La capacité de risque d'une caisse de pension dépend avant tout de la part du capital de prévoyance des retraités dans le capital de prévoyance total. Le degré de couverture, la part de l'avoir LPP dans le capital de prévoyance des actifs, ainsi que le secteur d'activité sont également importants.

«Les versements en capital pur sont déjà nettement majoritaires dans le secteur de la finance et de l’assurance».

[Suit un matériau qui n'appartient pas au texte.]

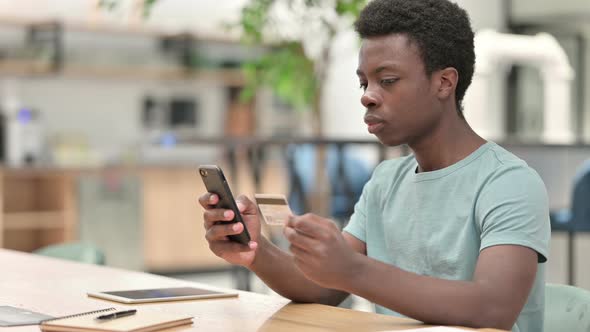 Online Shopping on Smartphone By African Man, Online Payment alt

Swisscanto a développé en collaboration avec Prevento un indicateur de risque propriétaire (IRCP) pour évaluer ce lien entre la capacité à prendre des risques et la performance obtenue. Nous avons exclu les caisses de droit public et celles qui disposent d’une garantie de l’Etat complète de l’échantillon ainsi que les solutions d'assurance. Il ressort de cette analyse qu’un rendement élevé n’est pas principalement fonction de la capacité à assumer les risques. Entre 2020 et 2024, des caisses caractérisées par une faible capacité à assumer des risques ont également réalisé des rendements élevés. A l’inverse, des caisses à même d’assumer ces risques n’ont obtenu que de faibles rendements. En conclusion, même des caisses qui ont en théorie peu de réserves pour assumer des risques peuvent tout de même obtenir de bons rendements – à condition qu’elles fassent les bons choix en matière de placement.

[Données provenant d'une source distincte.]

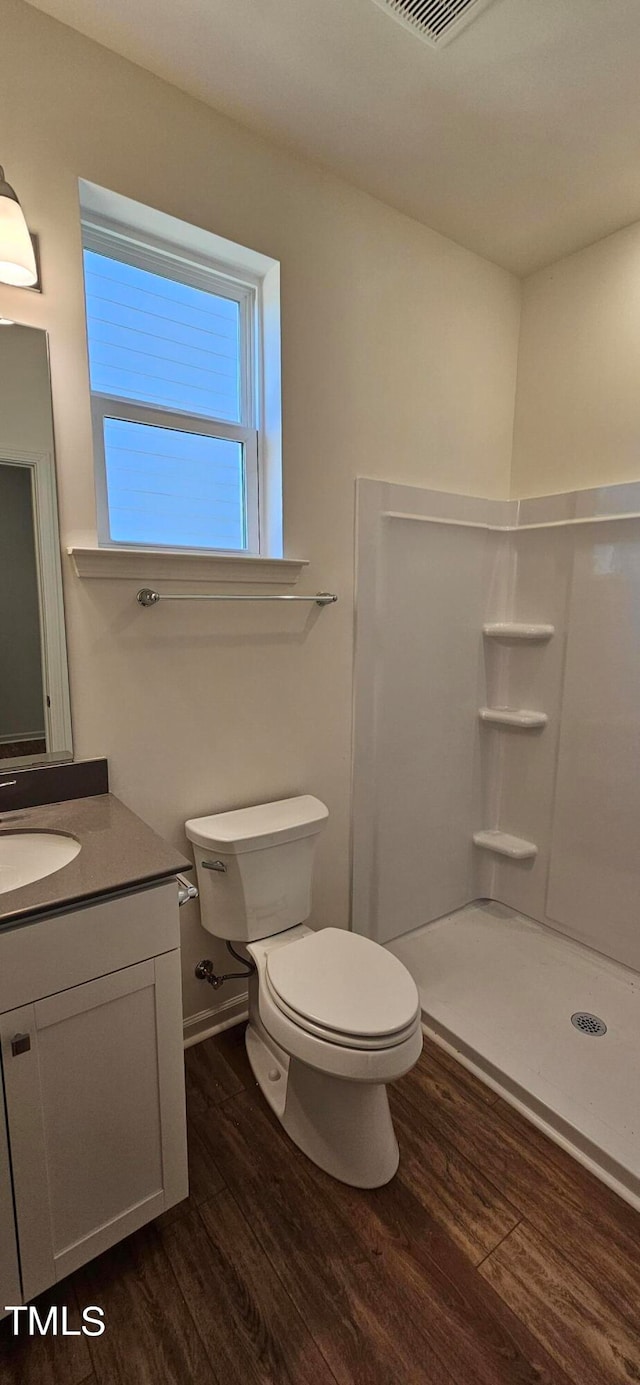 bathroom featuring toilet, a shower, wood-type flooring, and vanity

Au sujet du choix entre retrait du capital et versement sous forme de rentes, l’étude indique qu’en 2024, 38% des jeunes retraités des caisses de pension ont opté pour un versement intégral sous forme de capital, 39% ont opté pour une rente et 23% pour une forme mixte. Quant aux raisons de ces choix, l’étude montre que ce n’est pas le taux de conversion (ndlr: qui permet de convertir l’avoir LPP en rente) qui est le motif principal qui incite à opter pour un versement en capital. La baisse régulière du taux de conversion n’explique donc pas la préférence plus marquée des jeunes retraités pour retirer leur capital?

Nous pensions aussi a priori que plus le taux de conversion diminue, plus il y a de raisons pour les nouveaux retraités de retirer leur capital. Ce n’est toutefois pas ce que montre l’étude.

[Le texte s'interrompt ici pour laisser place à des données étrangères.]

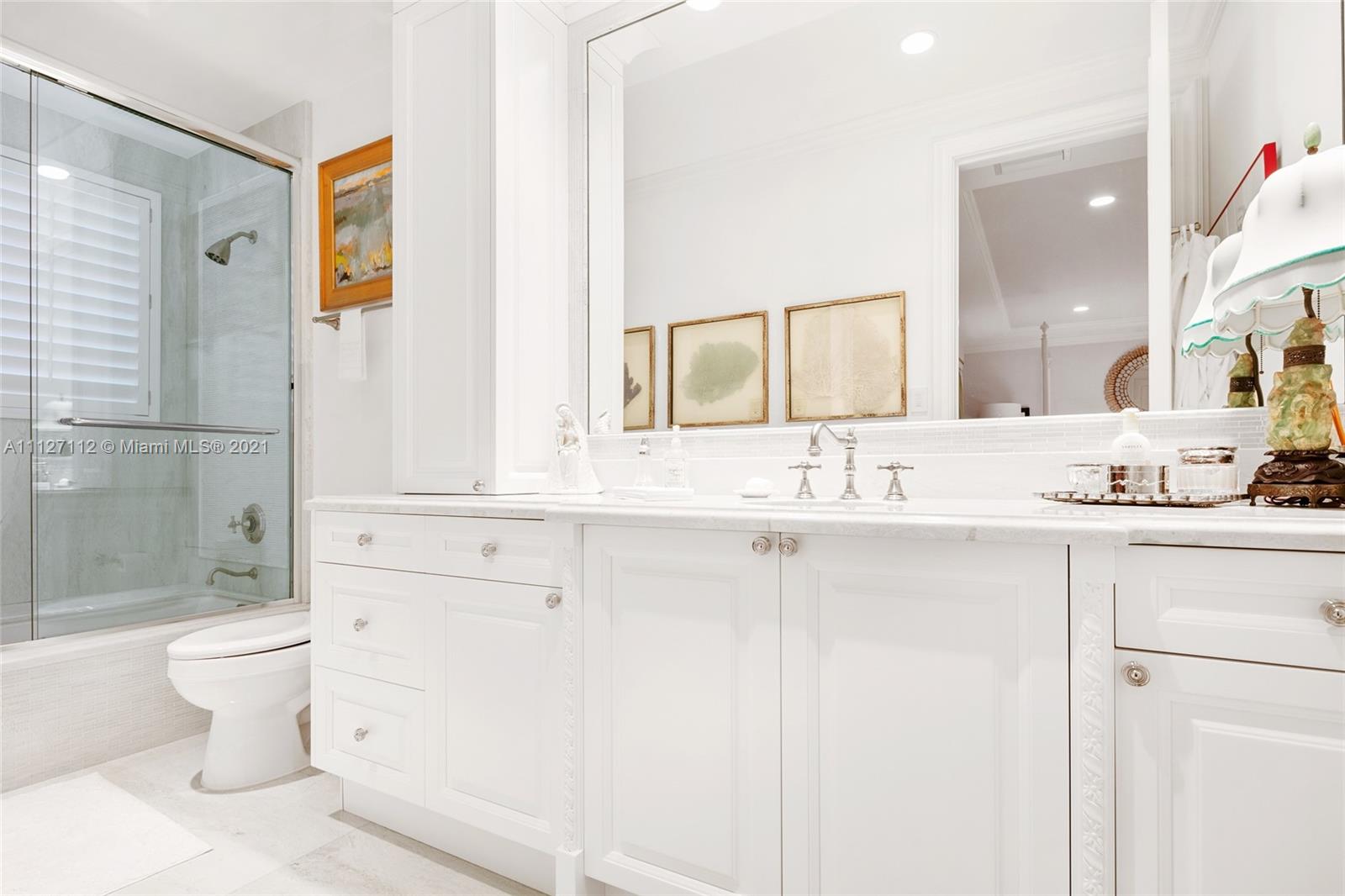 372 Regatta Drive Jupiter, FL 33477 - Photo 55 of 93 a bathroom with a sink and a mirror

Les différences sont par exemples très marquées selon les secteur et types d’activités professionnelles. Les versements en capital pur sont par exemple déjà nettement majoritaires dans le secteur de la finance et de l’assurance: en 2024, 42% des bénéficiaires ont perçu l’intégralité de leurs capitaux de prévoyance sous forme de capital et seuls 28% ont opté pour une rente. A l’inverse, c’est dans le secteur public que les rentes sont les plus populaires: 49% des bénéficiaires choisissent la rente, alors que seules 21% des personnes concernées optent pour le capital. Dans l’administration publique, le taux de conversion, situé en moyenne à 5,27%, n'est qu’à peine plus élevé dans le secteur de l’assurance et de la finance où il était de 5,08%. Cet écart entre le taux de conversion dans ces deux domaines ne peut donc pas expliquer à lui seul la préférence du simple au double pour le retrait en capital entre ces deux branches d’activité.

Il faut plutôt aller chercher l’explication du côté de la situation financière personnelle des bénéficiaires, de leurs connaissances en matière de finance ou prévoyance ou des recommandations qui leur sont adressées par des personnes externes, comme des conseillers par exemple.